Mardi soir, les enseignant.e.s, les Familles et leurs soutiens se sont rassemblés jusque tard dans la nuit devant le commissariat de Nanterre.
Il et elles ont appelé la députée écologiste Sabrina Sebaihi qui a pu entrée dans le commissariat dans la soirée, son mandat lui permettant d’accéder aux lieux de privation de liberté.

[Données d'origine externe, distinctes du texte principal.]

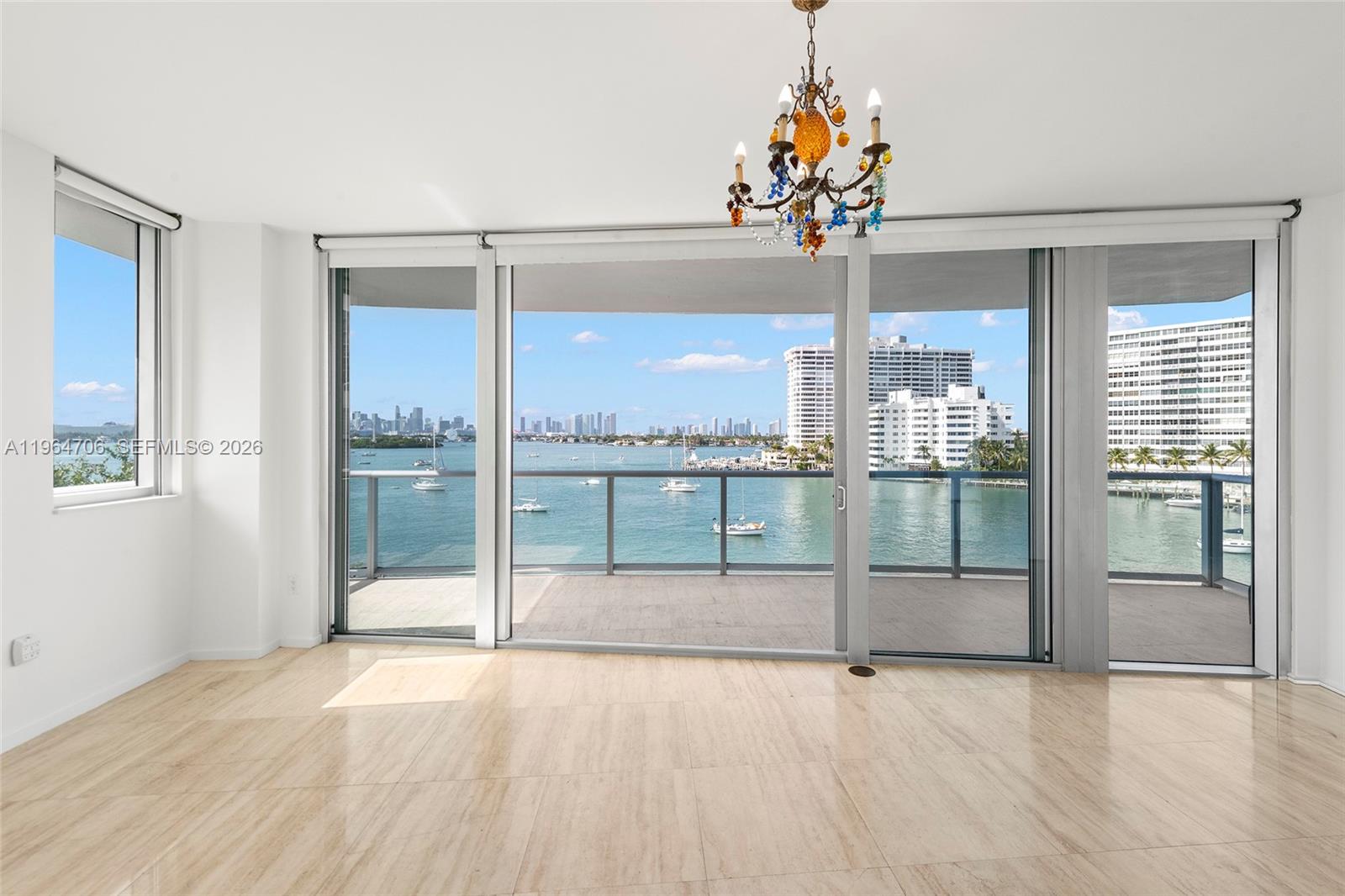 An empty room with light-colored tile flooring, a decorative chandelier, and floor-to-ceiling windows overlooking water — 1470 16th St # 501, Miami Beach FL 33139, MIAMI BEACH, FL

« Nous avons un professeur reconnu suspendu la veille de la rentrée. Il va être muté dans les Yvelines, on ne sait pas pourquoi. Il dépose un recours qui annule sa suspension déjà terminée [sur décision du ministre Pap Ndiaye –ndlr]. Il dépose un deuxième recours sur sa mutation en elle-même, l’établissement se met en grève en soutien. De leur côté, les élèves ont des revendications légitimes : la qualité des repas, le maintien de l’aide aux devoirs, le refus des remarques sur la longueur des robes des filles, puisque le ton semble s’être durci sur la laïcité. Cela fait plus d’un mois que ça dure. On pouvait s’attendre à ce qu’une telle intervention finisse mal », a-t-elle indiqué à nos confrères de Médiapart.
Selon les deux professeurs, « le mercredi, les parents étaient en colère contre la direction et ils sont venus eux-mêmes bloquer le Lycée ». « Le jeudi a été une journée extrêmement dure, le proviseur est venu nous demander d’intervenir pour éviter que cela pète et cela a été le cas. Il y avait des éléments extérieurs qui étaient venus, des gens qui voulaient se venger des quinze gardes à vue et encore une grosse présence policière. La violence était très difficile à supporter et elle l’est encore ».
Dimanche, les profs du Lycée Joliot-Curry distribuaient des tracts, intitulées : « Non à la répression antisyndicale dans l’éducation ! ».
Dans ce tract on peut lire que « Ce cas de répression n’est malheureusement pas isolé ». « Le Ministère applique depuis quelques années les mêmes méthodes sur l’ensemble du territoire pour faire passer en force ses réformes impopulaires. »
Le cas de l’Unef Nanterre qui subi les pressions du président de l’université, suite à son soutien aux Sans Fac, semble en tout cas le confirmer. Salomé, la secrétaire générale de l’Unef de Nanterre, nous a en effet expliqué lors de la marche du 16 octobre que le président de la Fac « veut interdire notre syndicat, il a déclenché des procédures disciplinaires et des restrictions d’accès au campus contre l’ensemble des membres de la direction de l’Unef Nanterre ». « C’est une volonté d’interdire un syndicat qui se bat de manière déterminée contre la sélection au côté des jeunes concernés ».